The use of metaphor is not pretentious. Most folks use metaphor, most of the time, in ordinary circumstances – metaphor is hardly limited to poems or wordsmiths. When we look at something familiar but see something different – the metaphorical mind engages. Advertising is grounded in metaphor, where images are often used to counterpoise logic (vintage cigarette ads will provide examples), and we seldom ask ads to explain themselves. Advertising traffics in pathos, which, while it appeals to the emotions, does so in logical ways. The Spanish poet Federico Lorca suggested other forms of logic (words used to reason) are available and frequently used to understand or make sense of persons, places, and things – and of events and experience. Lorca named one other kind of logic Hecho Poético. Poems are not puzzles to solve. They are facts. Poems are modes of experience grounded in common sense, mother wit, connected to mood: indicative, ordering, questioning, wishful, conditional.

Settings

Settings is everything. If you don’t get your settings under control you risk exposure to a crowd of marketeers and advertisers, scammers and schemers, grammarians and auditors, spelling and lingo specialists, APA and MLA experts and all sorts of self-appointed stylists, and there you are, slipping down swell after swell of pop ups as you fall into the troughs between paragraphs, your settings in disarray. Not that marketing or advertising are intrinsically bad or wrong. But you can’t just sit there. You must ensure fork and spoon and knife and teacup are correctly situated, properly placed, not to move them, mind you, but to observe their movement around the table. Just kidding, that – don’t know anybody frets over those settings anymore, but in writing, there seems to remain a force, a sitting army ready to be activated to a sentence disaster (run-on or fragment), a paragraph catastrophe (its topic sentence decapitated), a thesis statement emergency (no one in disagreement). Fonts and points are important though, for the setting of the hens relies on easily reached clucks and clicks and the broody trance setting in.

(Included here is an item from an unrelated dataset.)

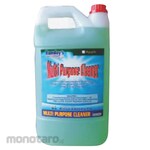 RAMDAYS Cairan Pembersih Serbaguna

Yet, if you want to be set completely free, the thing to do is disable, disarm, disengage, dissemble, disassemble. The problem we have been set is to first find settings and to then calibrate and if no pop ups appear, to celebrate. I don’t know what set me to thinking about settings, just sitting here, wondering if it’s worth getting into or not, the topic, floating on the open sea of writing, settings uncleated, set loose with pen and paper as with oar and boat, where propriety is indeed a kind of table setting so that the tea party does not go mad, rarely though all that useful navigating an open sea, a blank sheet, subject to the predicates of clockmaking winds.